El título de Muestrario se revela, pues, especialmente adecuado para un autor que pretende «inventariar» la realidad sin renunciar a la «invención». Por ello, cuando en 1923 Valéry Larbaud debió escoger un título para presentarlo al público de su país, éste fue, precisamente, Échantillons («muestrario» en francés), antología en la que reunió piezas de El Rastro, Greguerías, Senos y el propio Muestrario. Subrayo, asimismo, el vínculo existente entre el término «muestrario» y el muy practicado «dietario» de nuestra contemporaneidad, que alberga como significado primero el de «contabilidad de los días».
Veamos, a continuación, los testimonios que jalonan la obra del autor en defensa de esta literatura deshecha, que casa perfectamente con la definición de «obra inorgánica» planteada por Peter Bürger en Teoría de la vanguardia (1987, p. 145). En «El concepto de la nueva literatura» (1909), el joven Ramón ya sentenciaba que «Hoy no se puede escribir una página ignorando a Nietzsche» (Obras completas, i, p. 122), demostrando su admiración por un autor de discurso fragmentario y poliédrico. Un año después, defendía una práctica literaria disolvente en «Mis siete palabras», melancólica jeremiada contra las convenciones en la que se repite como mantra la frase «¡Oh, si llega la imposibilidad de deshacer!» (Obras completas, i, p. 181), reflexión encabezada significativamente por el motivo gráfico de unas rejas, como también lo estará El libro mudo (1911).

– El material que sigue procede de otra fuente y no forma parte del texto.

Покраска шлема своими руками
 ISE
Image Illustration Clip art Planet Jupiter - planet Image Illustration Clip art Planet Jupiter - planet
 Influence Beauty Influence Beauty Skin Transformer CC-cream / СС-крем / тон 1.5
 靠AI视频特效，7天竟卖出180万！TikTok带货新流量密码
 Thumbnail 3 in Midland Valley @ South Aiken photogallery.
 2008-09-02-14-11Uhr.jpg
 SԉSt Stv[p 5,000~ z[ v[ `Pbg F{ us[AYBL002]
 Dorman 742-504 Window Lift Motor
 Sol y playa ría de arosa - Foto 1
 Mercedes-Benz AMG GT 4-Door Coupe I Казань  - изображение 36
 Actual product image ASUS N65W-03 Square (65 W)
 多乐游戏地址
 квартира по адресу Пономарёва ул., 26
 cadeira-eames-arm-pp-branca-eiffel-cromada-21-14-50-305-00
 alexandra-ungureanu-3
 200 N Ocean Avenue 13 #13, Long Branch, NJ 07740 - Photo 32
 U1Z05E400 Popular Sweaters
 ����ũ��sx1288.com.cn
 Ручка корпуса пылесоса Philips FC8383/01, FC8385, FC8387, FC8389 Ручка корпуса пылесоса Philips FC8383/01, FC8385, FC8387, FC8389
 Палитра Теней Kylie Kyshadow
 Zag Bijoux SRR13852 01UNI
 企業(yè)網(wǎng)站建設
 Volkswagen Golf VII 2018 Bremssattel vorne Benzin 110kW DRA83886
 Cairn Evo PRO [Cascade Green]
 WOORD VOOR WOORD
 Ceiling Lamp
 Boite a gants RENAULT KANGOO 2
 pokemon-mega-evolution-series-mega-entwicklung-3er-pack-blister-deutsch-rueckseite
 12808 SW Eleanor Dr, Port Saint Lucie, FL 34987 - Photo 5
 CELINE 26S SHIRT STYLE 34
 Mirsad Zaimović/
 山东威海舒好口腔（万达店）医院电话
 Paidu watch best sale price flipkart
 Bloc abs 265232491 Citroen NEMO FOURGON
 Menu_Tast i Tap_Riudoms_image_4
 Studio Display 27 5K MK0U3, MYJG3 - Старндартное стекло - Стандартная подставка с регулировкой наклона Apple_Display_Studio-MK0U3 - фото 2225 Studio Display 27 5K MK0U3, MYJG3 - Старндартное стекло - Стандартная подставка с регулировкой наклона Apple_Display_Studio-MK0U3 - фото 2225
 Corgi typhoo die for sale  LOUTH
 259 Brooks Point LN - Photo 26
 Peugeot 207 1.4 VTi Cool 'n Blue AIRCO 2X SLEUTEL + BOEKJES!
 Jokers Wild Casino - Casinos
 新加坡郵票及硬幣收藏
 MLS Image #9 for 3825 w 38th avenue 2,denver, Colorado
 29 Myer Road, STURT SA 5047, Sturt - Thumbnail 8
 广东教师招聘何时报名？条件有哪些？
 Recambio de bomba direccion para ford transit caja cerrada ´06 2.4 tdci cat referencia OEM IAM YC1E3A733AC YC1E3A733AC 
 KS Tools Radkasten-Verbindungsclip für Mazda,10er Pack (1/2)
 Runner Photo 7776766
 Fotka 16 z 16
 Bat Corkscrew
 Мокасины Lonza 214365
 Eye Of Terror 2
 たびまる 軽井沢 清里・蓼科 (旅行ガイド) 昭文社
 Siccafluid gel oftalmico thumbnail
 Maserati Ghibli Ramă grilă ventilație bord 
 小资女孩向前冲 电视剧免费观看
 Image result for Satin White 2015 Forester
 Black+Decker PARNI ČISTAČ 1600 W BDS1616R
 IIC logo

Comienza, así, la edición de textos insólitos, en cuya portada no se especifica género alguno, pero que manifiestan en cada prólogo tanto su novedad como las posibilidades de la nueva escritura (de ahí que, en muchos casos, nunca disfrutaran de una segunda edición, como ocurrió con Muestrario). Así, tras la aparición de Tapices (1913), que alberga las primeras greguerías del autor en formato libro, la «Proclama de Pombo de 1915», posteriormente incluida en el primer libro dedicado a la tertulia, denuncia cómo el mercado se encuentra inundado de «cosas editoriales» que, para satisfacer a un «público matrimonial», ignoran la verdadera literatura. Por ello, propone por primera vez:
[…] el libro inclasificable, el libro violento, el libro ultravertebrado, el libro cambiante y explotador, el libro libre en que se libertase el libro del libro, en que las fórmulas se desenlazasen al fin, los libros que aquí no han comenzado a publicarse porque los que quizás parezcan ser de esta clase o se creen obligados a tomar el uniforme filosófico o hablan de una libertad antigua, indecisa y elocuente o resultan como capítulos sueltos y lentos de novelas inacabadas (1999b, p. 213).